An attractive set of early 1900s houses on University Avenue in the Bronx is a legacy of a partnership between New York University and a police officer turned developer. Ironically, the houses have outlasted NYU’s presence in the borough.
Billy Bergen was a cop in the University Heights section of the Bronx as the nineteenth century turned into the twentieth. As he walked his beat, he saw many undeveloped properties. But he also recognized that the hilly area was ripe for development. NYU had established a new campus there in the 1890s and soon transportation improvements would greatly improve the area’s accessibility.
Bergen started buying vacant properties and building new residences. His projects were successful and soon he was a major player in local real estate. He earned the nickname the “Millionaire Cop” as he stayed on the force for several years while growing his realty business.
Around 1908, NYU sold some land it owned just outside its campus to the Millionaire Cop, now doing business by his formal name, William C. Bergen. However, NYU imposed a deed restriction on the transaction; the land could only be used for low-scale residential buildings.

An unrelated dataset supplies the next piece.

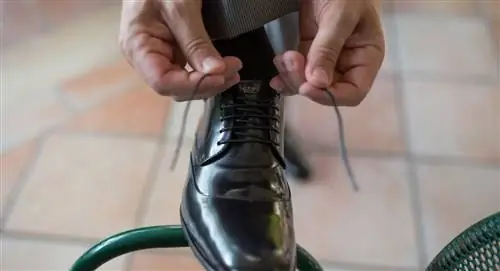 мужчина завязывает шнурки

Bergen built houses on both sides of Aqueduct Avenue (renamed University Avenue in 1913) on the block between West 183rd Street and Hall of Fame Terrace, which is roughly equivalent to West 182nd Street. The text of a 1909 newspaper ad urged, “Call and inspect W.C. BERGEN’S elegant new dwellings, in the restricted portion of University Heights, on Aqueduct av., between 182d and 183d sts. Owner on premises.”
“Bronx: University Avenue No. 2225” Via NY Public Library Digital Collection, Irma and Paul Milstein Division
The group consists of 17 houses on the west side of the street and 9 on the east side, mostly detached houses, on lots as wide as 50 feet, plus a few semi-detached homes. They are two and a half stories tall, with dormers and are set back from the street. Architecturally, they can be described as Edwardian, with Arts and Craft design influences. The one exception is a Spanish-Revival house, which is at a similar scale to the others but noticeably different in style.
2225 University Avenue
For this area of the Bronx, and for a major thoroughfare in particular, they contrast sharply with the prevailing built character. Most of the residential buildings lining University Avenue (also known as Dr. Martin Luther King, Jr. Boulevard) are apartment houses or tenements.
These buildings are not landmarked and, according to a 1910 New York Herald article, the deed restriction on these properties was set to expire in 1948. In fact, there used to be several more houses on the east side of the street, but at the corners of the block they were replaced by apartment buildings in the 1950s.
It is remarkable that the houses remain as a mostly intact group with seemingly few alterations, apart from the conversion of some front yard areas into parking. They outlasted NYU, which left the neighborhood in 1973.
There were originally additional houses where the apartment building now stands
And as his houses live on, so too does the memory of the Millionaire Cop. A few blocks to the east, along the Grand Concourse, there is a small park called Bergen Triangle in his honor.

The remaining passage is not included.